AI ML Engineer
Role: AI ML Engineer
Location: Remote
Position Description:
We are seeking a highly skilled and experienced AI/ML Developer to join our advanced AI engineering team. As a key contributor, you will be responsible for designing, building, and deploying production-grade machine learning models and AI-based applications across a wide range of domains, including generative AI, multimodal systems, and agentic architectures.
This role demands deep expertise in MLOps, AIOps, and end-to-end ML pipelines, along with practical experience in state-of-the-art LLMs, transformers, and modern AI frameworks. You will also work extensively on agent-based AI systems, multi-agent coordination, and autonomous AI agents using tools like LangChain, LangGraph, CrewAI, and AgentCore.
Key Responsibilities:
Model Development & Engineering
- Design, train, fine-tune, and deploy ML and deep learning models using PyTorch, TensorFlow, and transformers.

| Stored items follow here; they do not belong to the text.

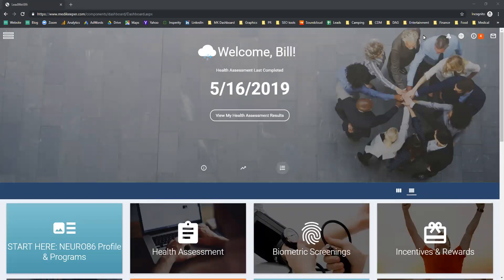Hello, this is a demo of the LeadWell86 Wellness Portal. What you see on the screen right now is the entry point for your health and wellness portal.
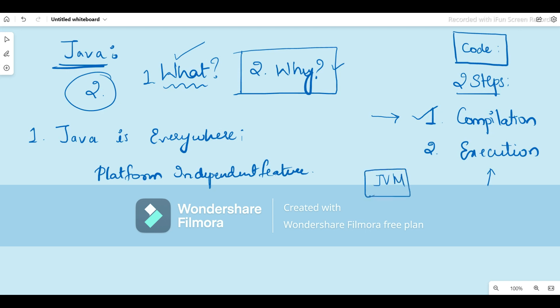This is provided that one thing must be installed on your laptop — that is the JVM. What is JVM? We will learn about it in detail in further videos, but for your information, JVM stands for Java Virtual Machine — a virtual machine on which you run your Java code. This feature is what makes Java unique.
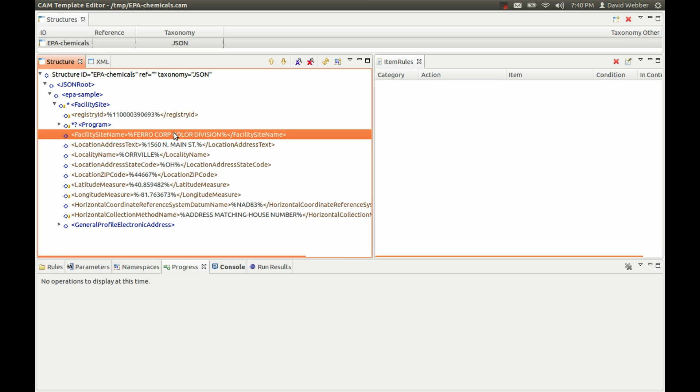This is just a quick introduction to showing you how you can use JSON with the CAM family of tools here, both the validation engine and the editor. We'll have more topics as well on this coming in the future. Thanks for watching.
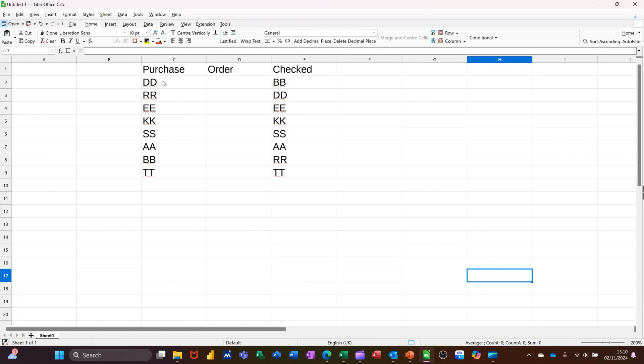DD I want that to be DD there, and if that's RR I want that to be RR there as well, and so on. Now the function I'm going to use to do this is the MATCH function.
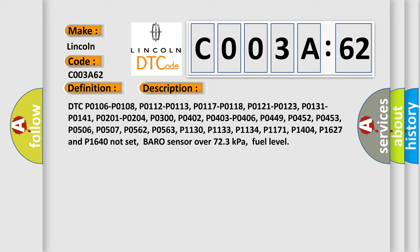DTC P0106, P0108, P0112, P0113, P0117, P0118, P0121, P0123, P0131, P0141, P0201, P0204, P0300, P0402, P0403, P0406, P0449, P0450, P0452, P0453, P0459, P0506, P0507, P0562, P0563, P1133, P1134, P1137, P1114, P1127, P1164 NOT set.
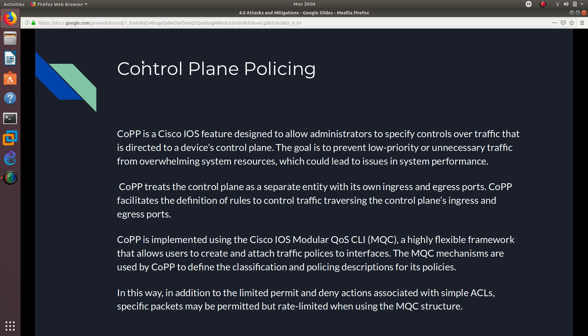COPP facilitates the definition of rules to control traffic traversing the control plane's ingress and egress ports. It is implemented using the Cisco IOS Modular Quality of Service CLI, or MQC — a highly flexible framework that allows users to create and attach traffic policies to interfaces. The MQC mechanisms are used by COPP to define classification and policing descriptions for its policies. In addition to permit and deny actions of simple ACLs, specific packets may be rate-limited using the MQC structure.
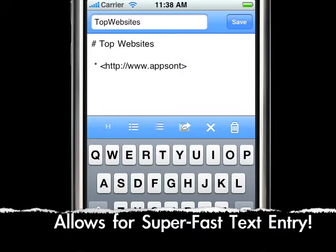This allows for super fast text entry and really improves your efficiency when writing notes on your iPhone and iPod touch.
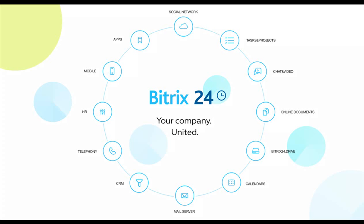In this video, we're going to use a list in the Bitrix24 cloud service to accept leave requests from employees and create a business process for approval of those leave requests.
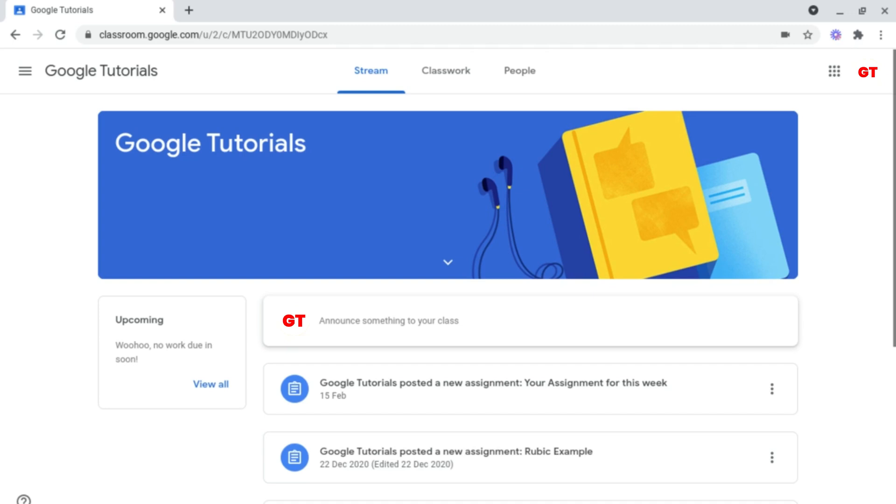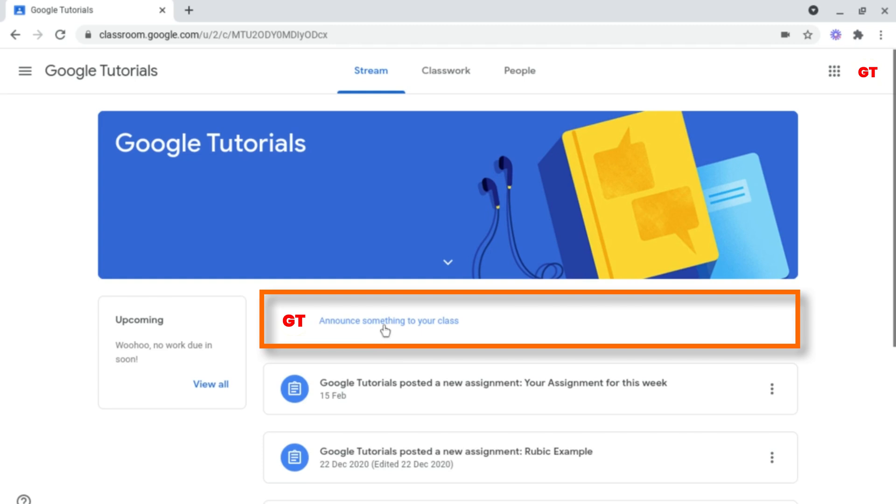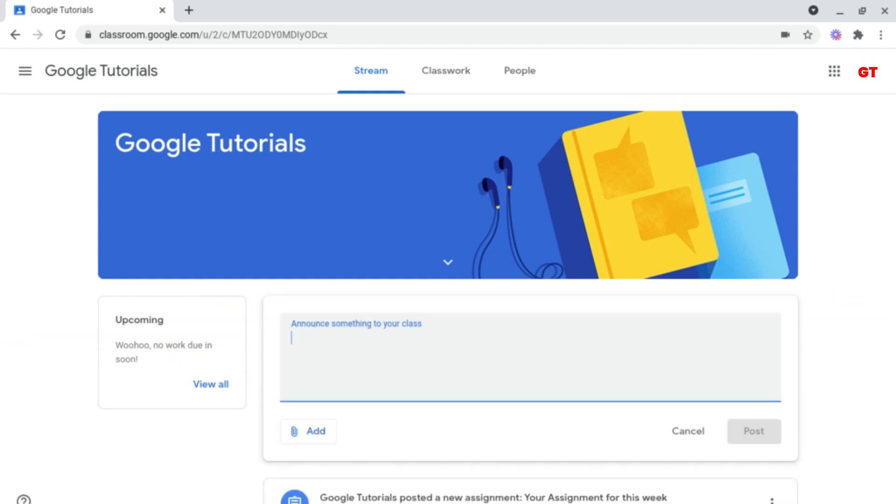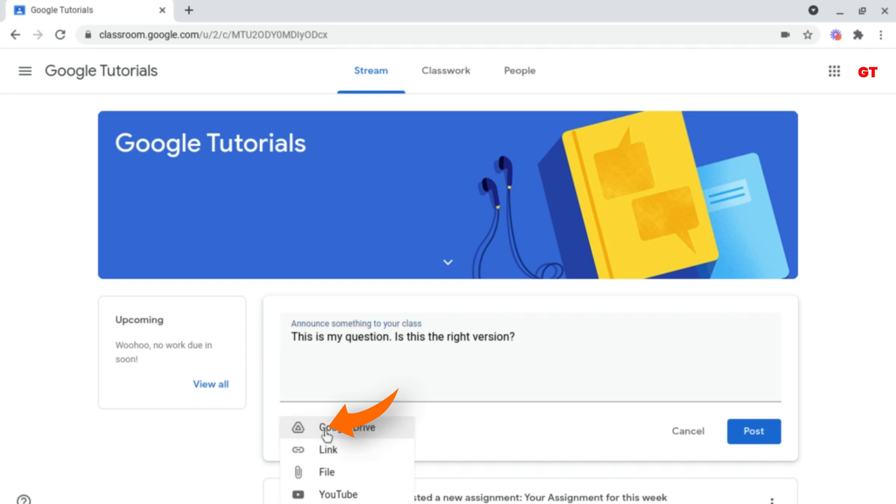To do this, all you want to do is click announce something to your class at the top of the stream tab, and then type in your question or comment. Underneath this, you have the ability to add attachments if you want to, if you're sharing resources or asking a question about a resource.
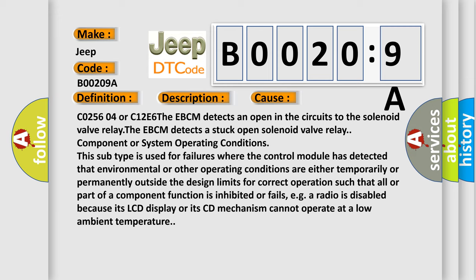C0256 04 or C12E6. The EBCM detects an open in the circuits to the solenoid valve relay. The EBCM detects a stuck open solenoid valve relay component or system operating conditions. This subtype is used for failures where the control module has detected that environmental or other operating conditions are either temporarily or permanently outside the design limits for correct operation such that all or part of a component function is inhibited or fails.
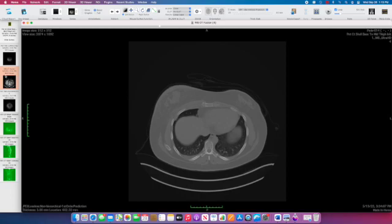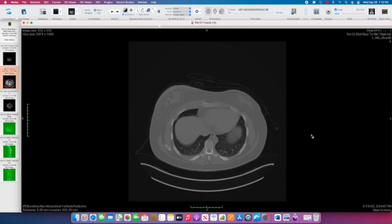In summary, this is a case of advanced right breast cancer with skin involvement, mediastinal and axillary lymph nodes, and lung and osseous metastases. That's it. Thanks.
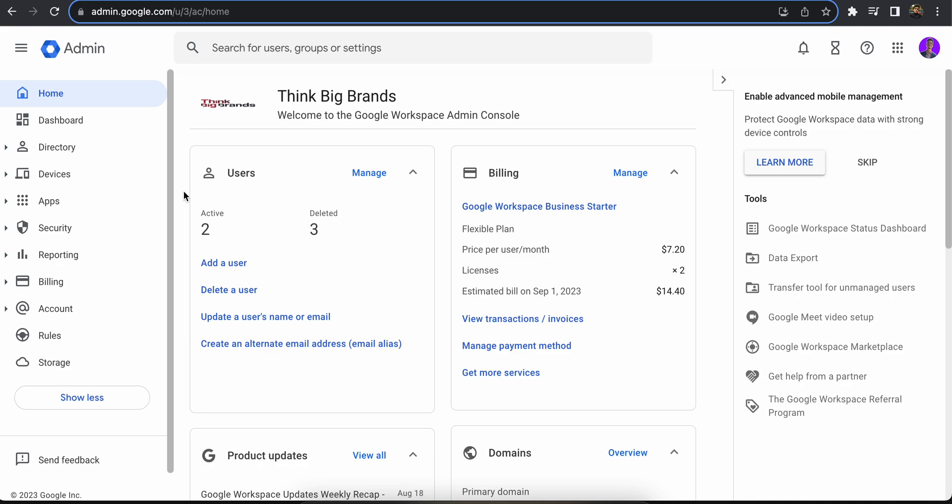So you want to back up your Google Workspace account data before you delete your account. Here's how you can do it. I have checked and Google Workspace doesn't allow you to manually backup your data without deleting the account.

- Build and optimize LLM-based applications using frameworks like HuggingFace, LangChain, LangGraph, and CrewAI.
- Implement prompt engineering and context engineering strategies for retrieval-augmented generation (RAG) and agentic tasks.
- Work with multimodal models integrating text, image, audio, and video inputs.
AI Infrastructure & MLOps
- Develop scalable MLOps pipelines using DVC, MLflow, model registries, CI/CD, monitoring, and automated retraining workflows.
- Deploy and manage models on Kubernetes with HPA, Service Mesh (e.g., Istio/Linkerd), and ExternalDNS configurations.
- Establish robust model endpoints, versioning, and rollback strategies.
- Integrate model guardrails, Responsible AI principles, and bias/fairness mitigation into the model lifecycle.
AI Agents & Multi-Agent Systems
- Develop autonomous AI agents, multi-agent collaboration systems, and agent-to-agent protocols using AgentCore, CrewAI, and LangGraph.
- Architect and implement agentic AI protocols such as MCP (Multi-Agent Communication Protocols) and task delegation systems.
- Create intelligent decision-making agents powered by both rule-based systems and LLMs.
Generative AI (GenAI) & RAG Systems
- Build and fine-tune GenAI models using open-source and proprietary LLMs (e.g., GPT, LLaMA, Claude, Mistral, Falcon).
- Develop RAG pipelines integrated with vector stores, context retrievers, and prompt optimizers.
- Build scalable chatbots, copilots, AI assistants, and domain-specific agents.
ML Algorithms & Patterns
- Implement and optimize classical and modern ML/DL algorithms for classification, regression, clustering, recommendation, time-series forecasting, etc.
- Utilize ML design patterns for data-centric AI, model-centric AI, and deployment-centric AI practices.
Required Qualifications:
Core Technical Expertise
- 5+ years in AI/ML development, with a strong portfolio of production-grade models.
- Proficiency in Python, PyTorch, TensorFlow, Scikit-learn, and HuggingFace Transformers.
- Experience with LangChain, LangGraph, CrewAI, AgentCore, and LLM orchestration frameworks.
- Knowledge of RAG, embedding models, vector databases (Pinecone, FAISS, Weaviate, Qdrant).
- Deep understanding of transformer architectures, prompt tuning, LoRA, PEFT, adapter tuning.
- Expertise in MLOps/AIOps: MLflow, DVC, model registry, CI/CD, observability, Seldon/KServe.
- Experience with cloud platforms (AWS, GCP, Azure), Kubernetes, Helm, and Terraform.
Systems & Infrastructure
- Production experience with containerization (Docker) and orchestration (Kubernetes).
- Knowledge of Service Mesh, ExternalDNS, Load Balancing, Auto Scaling (HPA).
- Hands-on with distributed systems, streaming data, batch processing, and low-latency inference.
Agentic & Multimodal AI
- Practical knowledge in autonomous agents, multi-agent collaboration, and agent-to-agent communication protocols.
- Experience building multimodal AI applications combining text, image, speech, and structured data.
Responsible AI & Governance
- Familiarity with model interpretability, ethical AI, privacy-preserving ML, guardrails, and governance policies.
Preferred Qualifications:
- Experience with LLMOps platforms like BentoML, Baseten, or Modal.
- Contribution to open-source AI projects or published research in ML/AI.
- Understanding of neurosymbolic AI, causal inference, or neural architecture search (NAS).
- Familiarity with knowledge graphs, ontologies, and semantic reasoning.